I ran into the following 2 issues:
The number of arguments that autowrap accepts seems to be limited to 509.
i.e., this works:
import sympy
from sympy.utilities.autowrap import autowrap
x = sympy.symbols("x:509")
exp = sum(x)
cyt = autowrap(exp, backend="cython", args=x)
and this fails to compile:
x = sympy.symbols("x:510")
exp = sum(x)
cyt = autowrap(exp, backend="cython", args=x)
The message I get seems not very telling:
[...] (Full output upon request)
Generating code
c:\users\[classified]\appdata\local\temp\tmp2zer8vfe_sympy_compile\wrapper_module_17.c(6293) : fatal error C1001: An internal error has occurred in the compiler.

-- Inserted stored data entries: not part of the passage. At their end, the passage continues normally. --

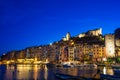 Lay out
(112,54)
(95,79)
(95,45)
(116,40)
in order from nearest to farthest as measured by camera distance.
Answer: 1. (95,79)
2. (112,54)
3. (116,40)
4. (95,45)

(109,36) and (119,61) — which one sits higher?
(109,36)

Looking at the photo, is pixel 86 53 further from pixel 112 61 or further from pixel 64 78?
pixel 64 78

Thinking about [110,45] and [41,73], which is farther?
[110,45]

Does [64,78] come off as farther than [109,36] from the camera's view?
No

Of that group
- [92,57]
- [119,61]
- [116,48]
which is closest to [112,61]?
[119,61]

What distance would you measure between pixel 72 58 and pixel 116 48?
3799cm

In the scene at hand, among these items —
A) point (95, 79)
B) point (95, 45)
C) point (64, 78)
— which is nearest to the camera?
point (95, 79)

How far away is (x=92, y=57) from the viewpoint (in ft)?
626

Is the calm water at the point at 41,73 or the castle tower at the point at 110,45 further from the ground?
the castle tower at the point at 110,45

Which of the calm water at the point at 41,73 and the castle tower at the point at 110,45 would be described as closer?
the calm water at the point at 41,73

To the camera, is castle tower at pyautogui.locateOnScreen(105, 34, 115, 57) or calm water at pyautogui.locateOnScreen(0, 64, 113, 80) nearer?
calm water at pyautogui.locateOnScreen(0, 64, 113, 80)

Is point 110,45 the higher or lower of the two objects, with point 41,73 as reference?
higher

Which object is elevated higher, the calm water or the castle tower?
the castle tower

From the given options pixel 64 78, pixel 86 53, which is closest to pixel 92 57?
pixel 86 53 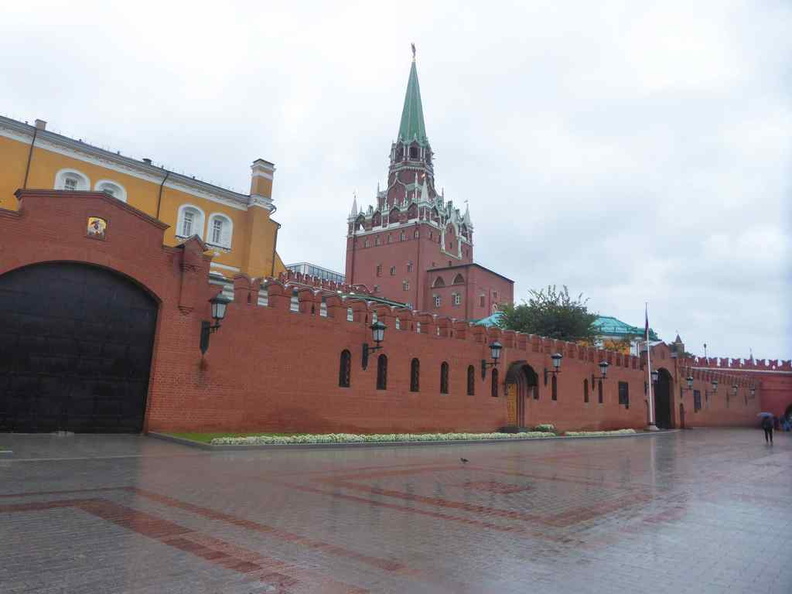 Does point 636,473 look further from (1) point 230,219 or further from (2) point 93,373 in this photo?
(1) point 230,219

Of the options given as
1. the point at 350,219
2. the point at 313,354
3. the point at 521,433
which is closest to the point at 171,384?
the point at 313,354

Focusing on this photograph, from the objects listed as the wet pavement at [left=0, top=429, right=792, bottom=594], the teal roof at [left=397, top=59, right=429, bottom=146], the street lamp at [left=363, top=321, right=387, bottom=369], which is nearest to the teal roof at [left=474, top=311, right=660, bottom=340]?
the teal roof at [left=397, top=59, right=429, bottom=146]

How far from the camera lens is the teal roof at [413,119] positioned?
260ft

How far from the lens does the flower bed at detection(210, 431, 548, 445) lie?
14667 millimetres

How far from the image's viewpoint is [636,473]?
13188 mm

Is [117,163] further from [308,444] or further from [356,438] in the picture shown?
[308,444]

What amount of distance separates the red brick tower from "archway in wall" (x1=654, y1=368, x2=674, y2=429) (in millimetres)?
27849

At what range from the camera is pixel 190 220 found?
3344 centimetres

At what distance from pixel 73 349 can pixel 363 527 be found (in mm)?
11539

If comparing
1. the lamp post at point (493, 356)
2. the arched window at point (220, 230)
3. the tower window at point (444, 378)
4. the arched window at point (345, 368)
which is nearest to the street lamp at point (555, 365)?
the lamp post at point (493, 356)

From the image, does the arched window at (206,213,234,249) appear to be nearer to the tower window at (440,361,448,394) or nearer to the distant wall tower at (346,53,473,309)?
the tower window at (440,361,448,394)

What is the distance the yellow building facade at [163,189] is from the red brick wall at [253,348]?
8691 millimetres

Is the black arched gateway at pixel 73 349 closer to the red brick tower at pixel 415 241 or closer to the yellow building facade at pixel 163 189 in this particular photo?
the yellow building facade at pixel 163 189

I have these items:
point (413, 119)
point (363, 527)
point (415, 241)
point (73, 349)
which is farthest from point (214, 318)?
point (413, 119) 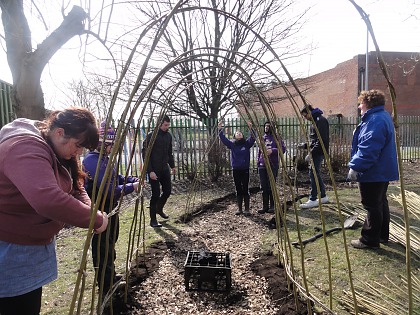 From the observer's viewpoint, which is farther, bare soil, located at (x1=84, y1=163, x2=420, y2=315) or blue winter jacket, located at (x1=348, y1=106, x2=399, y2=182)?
blue winter jacket, located at (x1=348, y1=106, x2=399, y2=182)

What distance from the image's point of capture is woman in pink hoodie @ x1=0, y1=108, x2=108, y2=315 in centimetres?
124

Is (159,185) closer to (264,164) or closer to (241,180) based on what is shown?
(241,180)

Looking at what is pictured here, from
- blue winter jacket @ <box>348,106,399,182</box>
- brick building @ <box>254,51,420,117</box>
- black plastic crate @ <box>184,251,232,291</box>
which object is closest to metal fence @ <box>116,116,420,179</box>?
blue winter jacket @ <box>348,106,399,182</box>

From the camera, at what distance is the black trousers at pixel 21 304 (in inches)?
56.4

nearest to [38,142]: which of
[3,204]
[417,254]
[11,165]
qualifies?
[11,165]

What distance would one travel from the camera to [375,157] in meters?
3.04

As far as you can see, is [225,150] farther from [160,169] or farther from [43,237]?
[43,237]

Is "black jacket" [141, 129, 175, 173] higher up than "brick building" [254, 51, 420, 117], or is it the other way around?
"brick building" [254, 51, 420, 117]

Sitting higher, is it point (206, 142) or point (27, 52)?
point (27, 52)

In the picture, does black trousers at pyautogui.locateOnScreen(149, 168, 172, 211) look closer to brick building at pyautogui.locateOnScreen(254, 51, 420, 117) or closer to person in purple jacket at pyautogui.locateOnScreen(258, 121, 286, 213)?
person in purple jacket at pyautogui.locateOnScreen(258, 121, 286, 213)

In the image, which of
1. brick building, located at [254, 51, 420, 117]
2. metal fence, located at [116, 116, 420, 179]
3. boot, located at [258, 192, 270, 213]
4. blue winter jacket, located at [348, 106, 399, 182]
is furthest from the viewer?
brick building, located at [254, 51, 420, 117]

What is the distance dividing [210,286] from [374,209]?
180 centimetres

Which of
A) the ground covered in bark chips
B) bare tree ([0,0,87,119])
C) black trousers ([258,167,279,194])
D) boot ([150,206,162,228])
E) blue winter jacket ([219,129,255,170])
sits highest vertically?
bare tree ([0,0,87,119])

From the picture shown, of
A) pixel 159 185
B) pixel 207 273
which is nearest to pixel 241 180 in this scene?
pixel 159 185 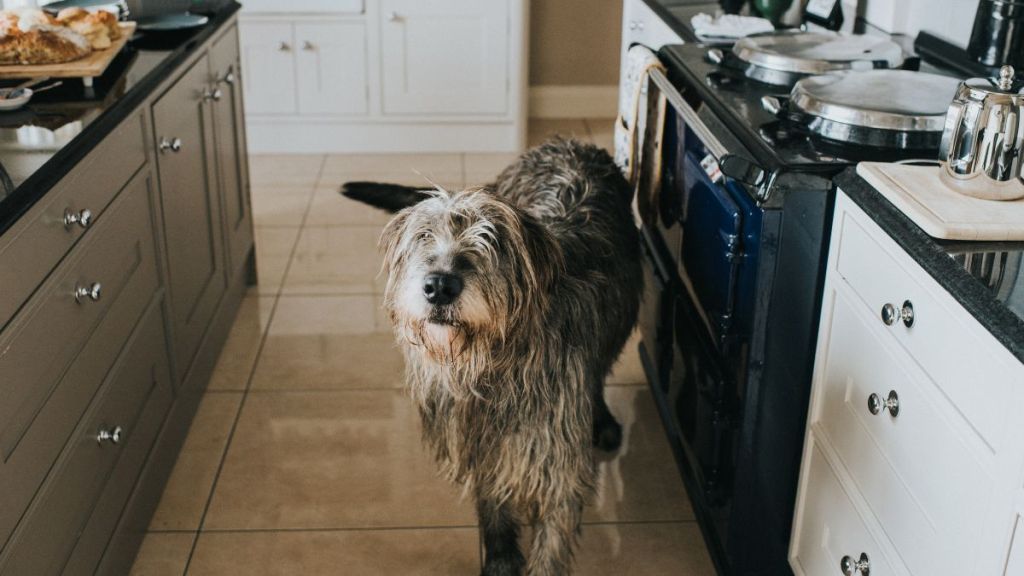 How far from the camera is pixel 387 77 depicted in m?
4.86

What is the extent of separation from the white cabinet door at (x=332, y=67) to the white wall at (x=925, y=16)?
8.22 ft

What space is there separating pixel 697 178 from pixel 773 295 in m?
0.46

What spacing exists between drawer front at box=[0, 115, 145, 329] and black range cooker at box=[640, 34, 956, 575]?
1.14 m

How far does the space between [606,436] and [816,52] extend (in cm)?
106

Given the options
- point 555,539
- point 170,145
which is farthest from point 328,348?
point 555,539

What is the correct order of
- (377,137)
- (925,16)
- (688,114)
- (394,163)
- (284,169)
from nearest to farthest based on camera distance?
(688,114) → (925,16) → (284,169) → (394,163) → (377,137)

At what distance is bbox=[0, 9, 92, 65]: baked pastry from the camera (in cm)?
222

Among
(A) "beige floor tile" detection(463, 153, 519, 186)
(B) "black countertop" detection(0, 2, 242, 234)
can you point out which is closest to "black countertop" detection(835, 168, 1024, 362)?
(B) "black countertop" detection(0, 2, 242, 234)

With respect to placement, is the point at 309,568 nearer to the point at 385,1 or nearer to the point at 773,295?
the point at 773,295

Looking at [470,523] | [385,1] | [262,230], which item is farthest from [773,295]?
[385,1]

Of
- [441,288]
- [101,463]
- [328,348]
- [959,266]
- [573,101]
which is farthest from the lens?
[573,101]

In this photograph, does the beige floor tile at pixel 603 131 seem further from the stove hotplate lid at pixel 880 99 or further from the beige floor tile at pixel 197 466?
the stove hotplate lid at pixel 880 99

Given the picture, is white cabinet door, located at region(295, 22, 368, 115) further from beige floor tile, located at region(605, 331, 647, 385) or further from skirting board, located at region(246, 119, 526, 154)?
beige floor tile, located at region(605, 331, 647, 385)

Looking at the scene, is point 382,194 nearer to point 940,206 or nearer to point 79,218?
point 79,218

(compiler file 'f:\dd\vctools\compiler\utc\src\p2\hash.c', line 884)
To work around this problem, try simplifying or changing the program near the locations listed above.
Please choose the Technical Support command on the Visual C++
Help menu, or open the Technical Support help file for more information
LINK : fatal error LNK1257: code generation failed
error: command 'C:\\Program Files (x86)\\Microsoft Visual Studio 14.0\\VC\\BIN\\x86_amd64\\link.exe' failed with exit status 1257
Is there any way around this? I would like to use versions of my program that need ~1000 input variables.
(I have no understanding of C/cython. Is this an autowrap limitation, a C limitation ...?)
Partly connected to the above:
Can one compile functions that accept the arguments as array.
Is there any way to generate code that accepts a numpy array as input? I specifically mean one array for all the arguments, instead of providing the arguments as list. (Similar to lambdify using a DeferredVector). ufuncify supports array input, but as I understand only for broadcasting/vectorizing the function.
I would hope that an array as argument could circumvent the first problem above, which is most pressing for me. Apart from that, I would prefer array input anyways, both because it seems faster (no need to unpack the numpy array I have as input into a list), and also more straightforward and natural.
Does anyone have any suggestions what I can do?
Also, could anyone tell me whether f2py has similar limitations? This would also be an option for me if feasible, but I don't have it set up to work currently, and would prefer to know whether it helps at all before investing the time.
Thanks!
Edit:
I played around a bit with the different candidates for telling autowrap that the input argument will be something in array form, rather than a list of numbers. I'll document my steps here for posterity, and also to increase chances to get some input:
sympy.DeferredVector
Is what I use with lambdify for the same purpose, so I thought to give it a try. However, warning:
A = sympy.DeferredVector("A")
expression = A[0]+A[1]
cyt = autowrap(expression, backend="cython", args=A)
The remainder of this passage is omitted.